*** The data

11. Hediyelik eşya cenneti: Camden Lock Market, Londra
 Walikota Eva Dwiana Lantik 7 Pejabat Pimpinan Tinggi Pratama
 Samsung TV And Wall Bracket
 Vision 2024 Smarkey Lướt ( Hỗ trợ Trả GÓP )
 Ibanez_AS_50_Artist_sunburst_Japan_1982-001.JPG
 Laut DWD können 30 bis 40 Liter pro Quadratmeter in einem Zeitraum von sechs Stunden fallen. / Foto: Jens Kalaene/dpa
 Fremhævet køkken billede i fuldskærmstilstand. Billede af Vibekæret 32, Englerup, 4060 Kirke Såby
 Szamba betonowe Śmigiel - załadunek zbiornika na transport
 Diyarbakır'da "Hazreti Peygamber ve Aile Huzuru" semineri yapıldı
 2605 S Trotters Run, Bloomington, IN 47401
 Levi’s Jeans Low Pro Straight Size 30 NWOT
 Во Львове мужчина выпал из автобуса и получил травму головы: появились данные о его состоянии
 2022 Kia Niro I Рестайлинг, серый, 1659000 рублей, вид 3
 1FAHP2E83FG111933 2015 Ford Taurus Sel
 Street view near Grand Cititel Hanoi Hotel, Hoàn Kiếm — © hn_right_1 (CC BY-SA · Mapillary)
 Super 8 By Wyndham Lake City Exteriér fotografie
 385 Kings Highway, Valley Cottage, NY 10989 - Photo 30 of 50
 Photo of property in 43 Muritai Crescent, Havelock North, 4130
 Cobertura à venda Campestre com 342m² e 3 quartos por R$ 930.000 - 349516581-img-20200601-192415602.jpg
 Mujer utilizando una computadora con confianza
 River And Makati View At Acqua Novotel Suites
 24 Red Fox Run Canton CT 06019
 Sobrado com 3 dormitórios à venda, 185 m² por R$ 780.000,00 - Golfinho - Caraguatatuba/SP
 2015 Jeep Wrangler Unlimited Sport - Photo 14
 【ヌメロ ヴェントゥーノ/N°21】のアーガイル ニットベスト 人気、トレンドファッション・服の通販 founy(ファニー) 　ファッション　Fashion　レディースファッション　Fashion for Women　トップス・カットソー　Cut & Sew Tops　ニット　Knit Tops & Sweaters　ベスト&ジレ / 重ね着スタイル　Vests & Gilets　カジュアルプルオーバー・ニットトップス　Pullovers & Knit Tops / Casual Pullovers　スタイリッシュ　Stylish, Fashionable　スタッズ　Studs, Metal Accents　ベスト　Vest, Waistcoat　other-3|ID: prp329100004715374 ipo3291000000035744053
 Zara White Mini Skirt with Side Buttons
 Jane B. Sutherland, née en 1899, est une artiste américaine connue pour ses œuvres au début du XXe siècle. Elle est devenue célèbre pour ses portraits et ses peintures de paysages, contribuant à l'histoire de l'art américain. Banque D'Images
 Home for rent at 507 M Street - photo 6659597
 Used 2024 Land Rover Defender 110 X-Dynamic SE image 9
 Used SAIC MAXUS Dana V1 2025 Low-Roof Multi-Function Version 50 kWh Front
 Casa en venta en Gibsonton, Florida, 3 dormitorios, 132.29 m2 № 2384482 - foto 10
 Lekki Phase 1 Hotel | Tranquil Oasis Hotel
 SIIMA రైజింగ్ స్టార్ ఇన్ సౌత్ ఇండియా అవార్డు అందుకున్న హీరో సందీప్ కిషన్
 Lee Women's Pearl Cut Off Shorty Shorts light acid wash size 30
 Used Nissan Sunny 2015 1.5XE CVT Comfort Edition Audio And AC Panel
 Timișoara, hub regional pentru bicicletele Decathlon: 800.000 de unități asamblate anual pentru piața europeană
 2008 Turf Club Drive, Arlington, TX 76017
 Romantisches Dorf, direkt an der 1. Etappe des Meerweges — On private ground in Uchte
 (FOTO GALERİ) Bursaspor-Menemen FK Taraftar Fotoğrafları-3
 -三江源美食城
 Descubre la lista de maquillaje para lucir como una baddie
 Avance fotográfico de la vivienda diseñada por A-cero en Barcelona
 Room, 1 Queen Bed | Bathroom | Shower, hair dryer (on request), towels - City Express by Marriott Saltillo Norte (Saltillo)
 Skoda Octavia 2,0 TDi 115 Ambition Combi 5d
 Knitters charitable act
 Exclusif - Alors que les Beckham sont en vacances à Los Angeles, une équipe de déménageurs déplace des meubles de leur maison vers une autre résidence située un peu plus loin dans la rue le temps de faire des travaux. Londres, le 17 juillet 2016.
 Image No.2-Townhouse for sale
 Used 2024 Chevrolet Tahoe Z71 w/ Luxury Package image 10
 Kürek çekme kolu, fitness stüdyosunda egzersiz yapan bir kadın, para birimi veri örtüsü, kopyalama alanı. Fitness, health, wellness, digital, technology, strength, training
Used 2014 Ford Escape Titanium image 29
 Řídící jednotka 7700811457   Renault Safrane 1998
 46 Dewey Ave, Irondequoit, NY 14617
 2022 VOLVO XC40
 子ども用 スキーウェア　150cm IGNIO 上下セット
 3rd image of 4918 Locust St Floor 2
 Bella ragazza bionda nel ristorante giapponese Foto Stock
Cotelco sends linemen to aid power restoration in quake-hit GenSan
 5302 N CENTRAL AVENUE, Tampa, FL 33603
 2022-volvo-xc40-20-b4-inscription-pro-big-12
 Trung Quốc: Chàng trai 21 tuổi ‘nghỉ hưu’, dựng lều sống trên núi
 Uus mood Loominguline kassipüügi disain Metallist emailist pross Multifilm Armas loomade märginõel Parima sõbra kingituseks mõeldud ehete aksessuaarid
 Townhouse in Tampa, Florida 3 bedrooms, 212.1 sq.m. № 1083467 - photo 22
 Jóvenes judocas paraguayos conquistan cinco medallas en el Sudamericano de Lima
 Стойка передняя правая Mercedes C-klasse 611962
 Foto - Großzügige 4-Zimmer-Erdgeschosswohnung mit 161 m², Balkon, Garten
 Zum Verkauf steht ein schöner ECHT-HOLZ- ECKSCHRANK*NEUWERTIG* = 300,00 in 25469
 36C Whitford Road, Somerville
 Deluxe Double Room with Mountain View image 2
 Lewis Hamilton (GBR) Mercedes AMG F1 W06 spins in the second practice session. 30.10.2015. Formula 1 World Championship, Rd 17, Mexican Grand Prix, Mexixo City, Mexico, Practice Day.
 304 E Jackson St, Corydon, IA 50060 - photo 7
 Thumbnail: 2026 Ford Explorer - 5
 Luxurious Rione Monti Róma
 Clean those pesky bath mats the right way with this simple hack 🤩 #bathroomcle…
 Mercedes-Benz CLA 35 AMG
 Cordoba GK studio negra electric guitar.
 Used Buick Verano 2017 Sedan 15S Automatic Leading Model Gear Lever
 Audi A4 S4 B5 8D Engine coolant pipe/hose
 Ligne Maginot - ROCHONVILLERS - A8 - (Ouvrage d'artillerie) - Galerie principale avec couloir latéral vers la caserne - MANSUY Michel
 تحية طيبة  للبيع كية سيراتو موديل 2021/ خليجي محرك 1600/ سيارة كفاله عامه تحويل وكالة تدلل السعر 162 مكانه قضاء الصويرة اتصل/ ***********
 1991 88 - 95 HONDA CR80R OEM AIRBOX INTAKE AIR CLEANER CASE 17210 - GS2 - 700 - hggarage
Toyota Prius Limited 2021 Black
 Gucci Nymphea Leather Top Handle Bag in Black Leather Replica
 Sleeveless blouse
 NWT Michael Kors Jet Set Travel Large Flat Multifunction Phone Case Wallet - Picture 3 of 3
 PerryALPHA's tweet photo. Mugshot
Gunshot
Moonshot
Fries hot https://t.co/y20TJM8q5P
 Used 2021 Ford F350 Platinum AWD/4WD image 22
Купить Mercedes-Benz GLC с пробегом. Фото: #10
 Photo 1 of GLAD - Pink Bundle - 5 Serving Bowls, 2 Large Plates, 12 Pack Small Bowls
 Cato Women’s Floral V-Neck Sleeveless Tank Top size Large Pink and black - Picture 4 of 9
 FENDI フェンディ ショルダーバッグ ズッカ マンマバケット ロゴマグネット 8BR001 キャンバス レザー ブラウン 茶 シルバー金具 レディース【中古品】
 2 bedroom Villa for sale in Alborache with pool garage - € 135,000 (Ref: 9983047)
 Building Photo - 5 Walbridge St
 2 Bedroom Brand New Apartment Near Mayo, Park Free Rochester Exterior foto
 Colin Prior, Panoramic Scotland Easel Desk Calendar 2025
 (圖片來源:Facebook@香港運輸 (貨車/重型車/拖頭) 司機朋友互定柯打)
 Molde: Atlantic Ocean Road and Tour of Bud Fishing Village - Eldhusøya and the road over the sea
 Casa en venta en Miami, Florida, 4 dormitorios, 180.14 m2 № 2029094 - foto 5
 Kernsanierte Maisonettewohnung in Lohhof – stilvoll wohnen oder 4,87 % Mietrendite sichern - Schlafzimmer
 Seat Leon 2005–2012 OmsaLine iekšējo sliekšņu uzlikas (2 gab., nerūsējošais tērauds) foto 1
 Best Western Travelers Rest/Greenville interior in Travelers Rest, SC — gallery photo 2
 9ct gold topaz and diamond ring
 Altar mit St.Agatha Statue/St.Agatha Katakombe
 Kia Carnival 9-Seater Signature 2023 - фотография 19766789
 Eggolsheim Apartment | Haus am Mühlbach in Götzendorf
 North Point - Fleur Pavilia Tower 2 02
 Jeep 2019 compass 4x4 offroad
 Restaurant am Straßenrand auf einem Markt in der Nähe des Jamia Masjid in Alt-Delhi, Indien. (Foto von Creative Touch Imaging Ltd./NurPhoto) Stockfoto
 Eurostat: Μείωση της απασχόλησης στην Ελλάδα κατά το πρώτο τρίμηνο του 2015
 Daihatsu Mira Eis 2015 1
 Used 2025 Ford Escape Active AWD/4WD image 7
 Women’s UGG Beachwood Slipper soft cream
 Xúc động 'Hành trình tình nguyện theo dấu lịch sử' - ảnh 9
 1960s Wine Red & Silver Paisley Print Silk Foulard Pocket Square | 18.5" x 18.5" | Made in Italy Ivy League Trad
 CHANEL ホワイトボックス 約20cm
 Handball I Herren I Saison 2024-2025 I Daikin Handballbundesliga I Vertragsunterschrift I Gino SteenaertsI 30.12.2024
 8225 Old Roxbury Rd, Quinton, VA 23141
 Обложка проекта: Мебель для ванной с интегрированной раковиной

******

Using the entries above, return exactly the lines from the line with "Cotelco sends linemen" to the line with "Audi A4 S4 B5 8D Engine coolant pipe/hose", counting both of those lines.

▶ _Solution_
Cotelco sends linemen to aid power restoration in quake-hit GenSan
 5302 N CENTRAL AVENUE, Tampa, FL 33603
 2022-volvo-xc40-20-b4-inscription-pro-big-12
 Trung Quốc: Chàng trai 21 tuổi ‘nghỉ hưu’, dựng lều sống trên núi
 Uus mood Loominguline kassipüügi disain Metallist emailist pross Multifilm Armas loomade märginõel Parima sõbra kingituseks mõeldud ehete aksessuaarid
 Townhouse in Tampa, Florida 3 bedrooms, 212.1 sq.m. № 1083467 - photo 22
 Jóvenes judocas paraguayos conquistan cinco medallas en el Sudamericano de Lima
 Стойка передняя правая Mercedes C-klasse 611962
 Foto - Großzügige 4-Zimmer-Erdgeschosswohnung mit 161 m², Balkon, Garten
 Zum Verkauf steht ein schöner ECHT-HOLZ- ECKSCHRANK*NEUWERTIG* = 300,00 in 25469
 36C Whitford Road, Somerville
 Deluxe Double Room with Mountain View image 2
 Lewis Hamilton (GBR) Mercedes AMG F1 W06 spins in the second practice session. 30.10.2015. Formula 1 World Championship, Rd 17, Mexican Grand Prix, Mexixo City, Mexico, Practice Day.
 304 E Jackson St, Corydon, IA 50060 - photo 7
 Thumbnail: 2026 Ford Explorer - 5
 Luxurious Rione Monti Róma
 Clean those pesky bath mats the right way with this simple hack 🤩 #bathroomcle…
 Mercedes-Benz CLA 35 AMG
 Cordoba GK studio negra electric guitar.
 Used Buick Verano 2017 Sedan 15S Automatic Leading Model Gear Lever
 Audi A4 S4 B5 8D Engine coolant pipe/hose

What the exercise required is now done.